Cette disparité souligne la difficulté, pour les établissements, de traduire en indicateurs concrets les engagements pris, alors même que 90 % des banques analysées ont adhéré à la Net Zero Banking Alliance et se sont engagées en faveur d'objectifs ambitieux de décarbonation. « Il s'agit d'un premier exercice, qui s'inscrit dans un contexte de transition encore en cours : les prochaines publications devraient bénéficier de l'amélioration progressive de la qualité et de la disponibilité des données extra-financières produites par les entreprises clientes, ce qui permettra aux banques de fiabiliser leurs estimations et de renforcer la cohérence entre leurs engagements stratégiques et les indicateurs publiés », explique-t-elle.
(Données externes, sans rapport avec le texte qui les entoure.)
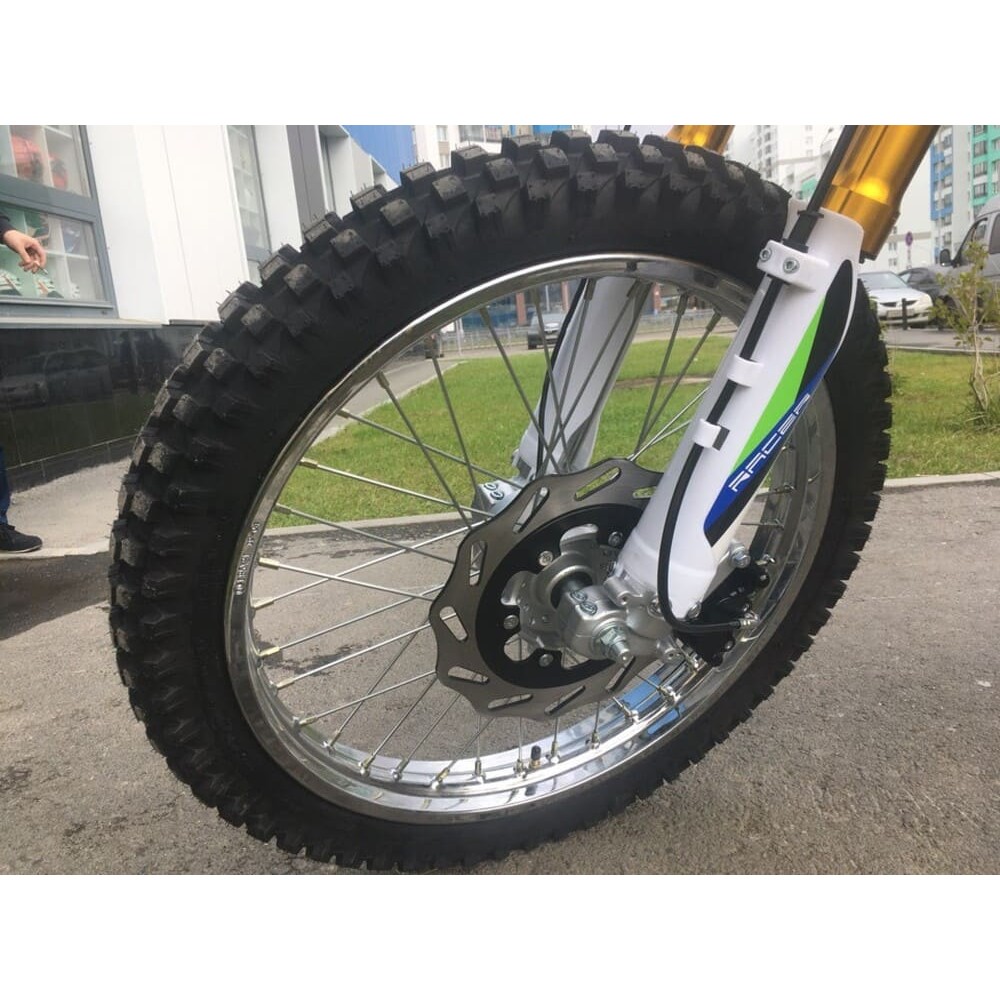 Мотоцикл кроссовый эндуро RACER 300 RC300-GY8A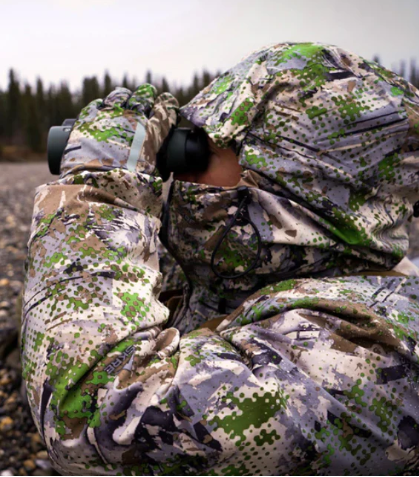 Waterproof vs. Water-Resistant Hunting Gear: What You Really Need in the Field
Un tissu bancaire français hétérogène

Cette complexité a été d'autant plus marquée en France, où le tissu bancaire se distingue par la présence d'acteurs de très grande taille. « Le pays concentre en effet le plus grand nombre de banques dites « G-SIB » (Global Systemically Important Banks), ce qui implique des structures plus complexes, un nombre de filiales élevé et, par conséquent, un volume d'informations à collecter et à fiabiliser bien supérieur à celui d'autres juridictions européennes », précise Sylvie Miet.
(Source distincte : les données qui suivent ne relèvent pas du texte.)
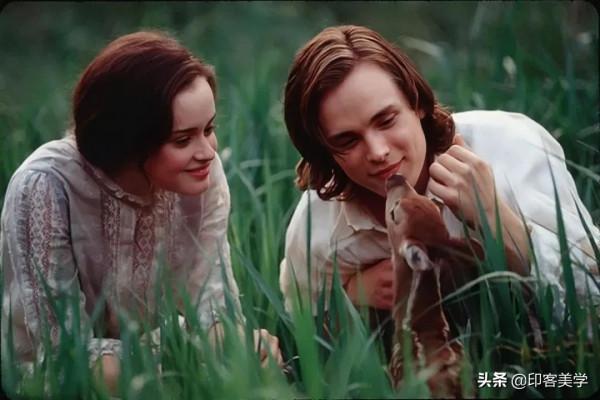 十部治癒系高分電影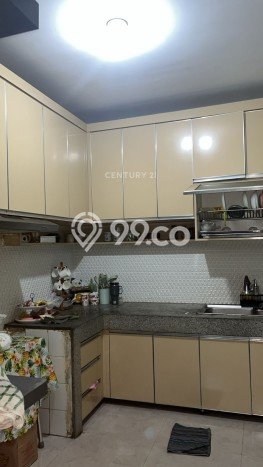 Ready to Use! Premium House LT 252m2 Desain Modern di Cibubur Ready to Use! Premium House LT 252m2 Desain Modern di Cibubur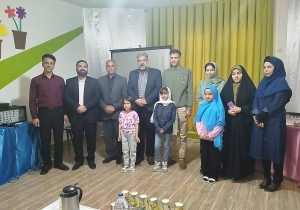 برگزاری مراسم بزرگداشت سعدی شیرازی در بهمن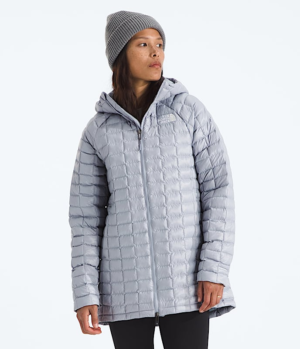 Women's THERMOBALL? Hooded Parka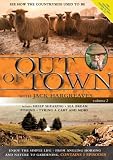 Revue Contender Entertainment Group  / Out Of Town - Vol. 2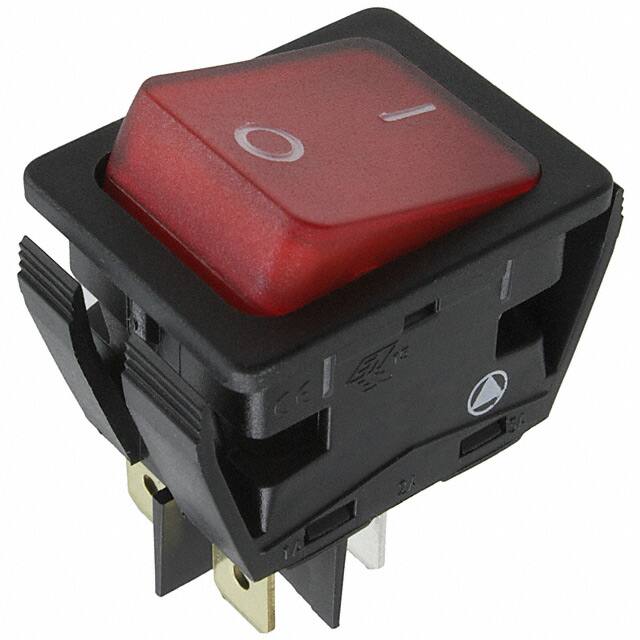 C6053ALBR3-1197W-BBulgin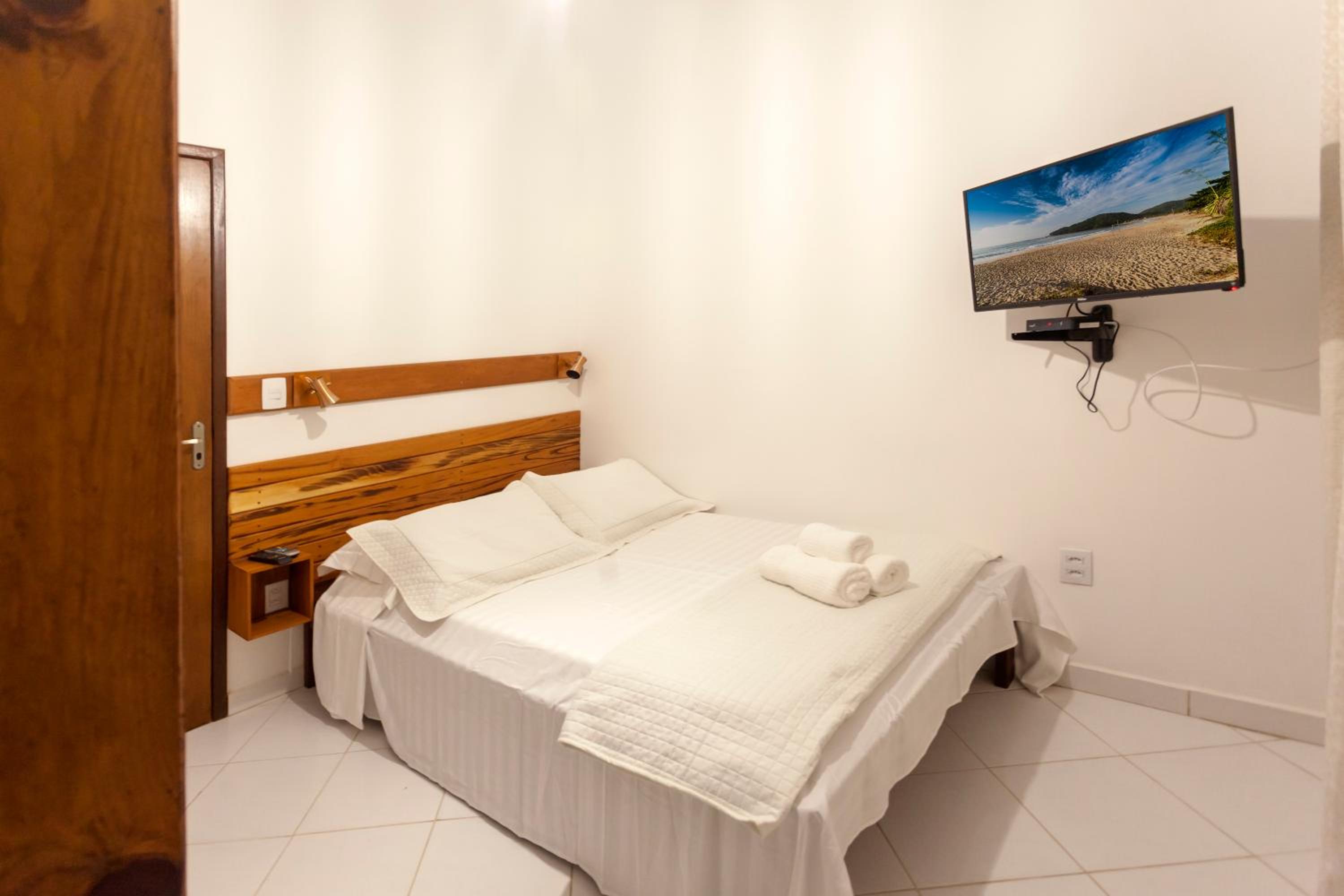 Double Room with Balcony photo 1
Dans le détail, la couverture par contrepartie, la qualité des données et la clarté méthodologique restent très hétérogènes, compliquant toute tentative de comparaison interbancaire. Certaines banques françaises, notamment, sont moins transparentes sur ces dimensions. Pour la plupart de ces banques, l'empreinte carbone liée à leur fonctionnement propre - c'est-à-dire les émissions associées à leurs bâtiments, à la mobilité des collaborateurs ou à leur consommation énergétique directe - ne constitue pas le principal poste d'impact environnemental. « Certaines ont ainsi estimé que ces données n'étaient pas suffisamment significatives pour justifier une communication détaillée à ce titre », souligne l'experte. Les émissions financées - c'est-à-dire celles générées par les activités de financement ou d'investissement des banques - constituent la majeure partie de leur empreinte carbone, « mais elles sont aussi les plus complexes à évaluer ».
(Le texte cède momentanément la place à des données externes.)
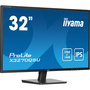 Voir la diapositive 2 : Iiyama Ecran PC PROLITE X3270QSU-B1 32'' Plat IPS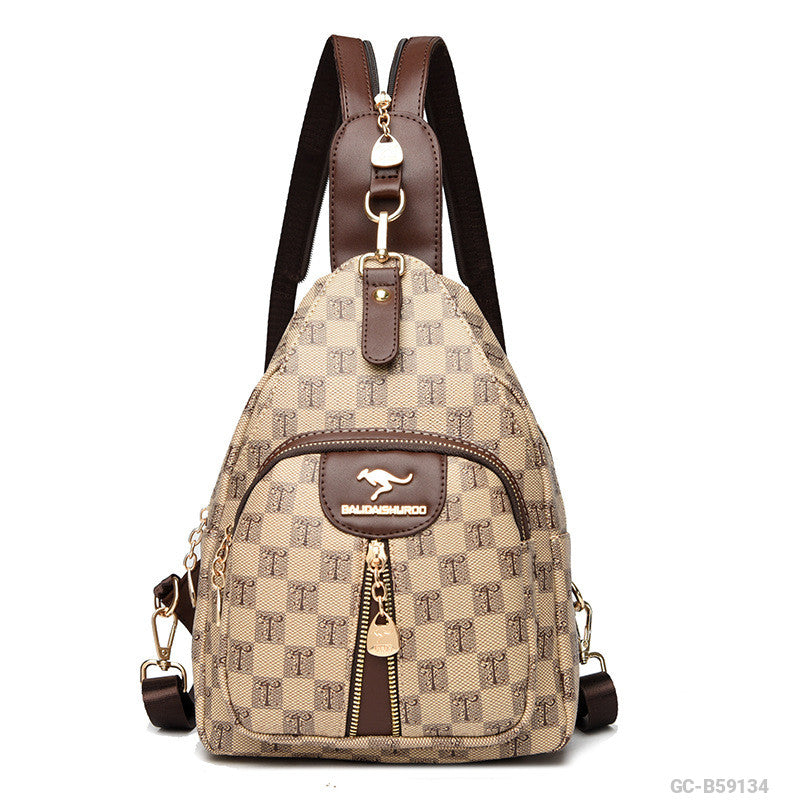 Woman Fashion Bag GC-B59134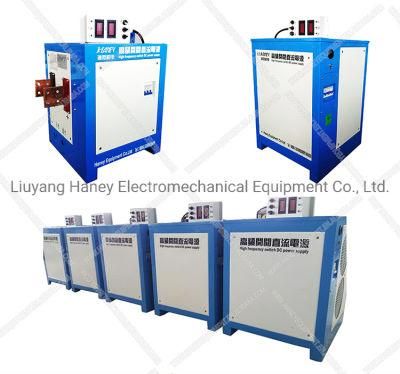 Haney CE 12V 3000A Full Automatic Electroplating Equipment Rectifier with RS485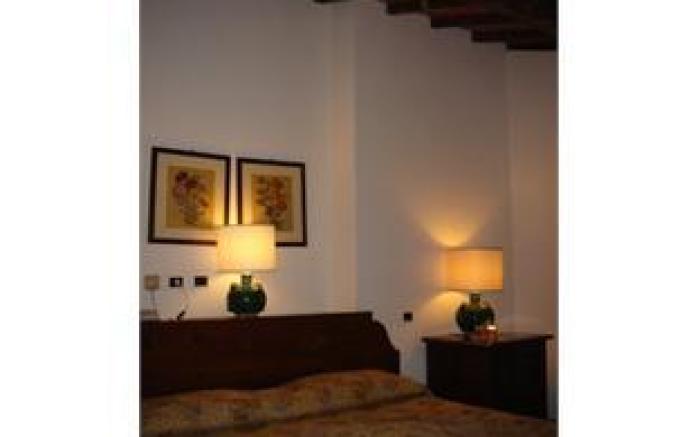 Hotel Monteriggioni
Focus social et gouvernance : des efforts tangibles mais partiels

L'étude précise que les thématiques sociales sont mieux couvertes, notamment sur les effectifs propres, avec des données solides sur le taux de turnover (moyenne de 10 %), l'égalité salariale (écart H/F moyen de 27,5 %) et la féminisation du top management (32,6 %). Toutefois, les indicateurs relatifs à la santé au travail (absentéisme, accidents) ou aux budgets de formation restent trop rarement publiés.

Côté gouvernance, 90 % des banques jugent la lutte contre la corruption significative, mais seuls 25 % traitent la question du lobbying. La cybersécurité, la fiscalité responsable ou l'engagement actionnarial sont abordés de manière très variable.

Vers un pilotage stratégique ?

L'étude souligne que la CSRD ne se limite pas à un exercice de transparence, mais pourrait devenir un outil stratégique de pilotage, à condition de structurer davantage l'information publiée. À ce stade, peu d'établissements démontrent comment les politiques ESG sont intégrées à leurs outils de gestion.

Si des éléments tangibles sont d'ores et déjà publiés, la comparaison entre établissements demeure difficile. « Cela est particulièrement vrai pour les émissions financées, dont le calcul reste l'un des volets les plus techniques et sensibles du reporting. La principale difficulté réside dans l'établissement de correspondances précises entre les actifs inscrits au bilan, les types de financements accordés (prêts, crédits à la consommation, crédits de trésorerie, etc.) et leur prise en compte dans le calcul des émissions », détaille Sylvie Miet.

À ce jour, l'absence d'un cadre commun de lecture ne permet pas une analyse véritablement harmonisée portefeuille par portefeuille, rendant toute comparaison interbancaire encore largement inopérante. Ce constat souligne l'ampleur du travail restant à accomplir pour parvenir à une transparence opérationnelle et stratégique réellement comparable d'un acteur à l'autre.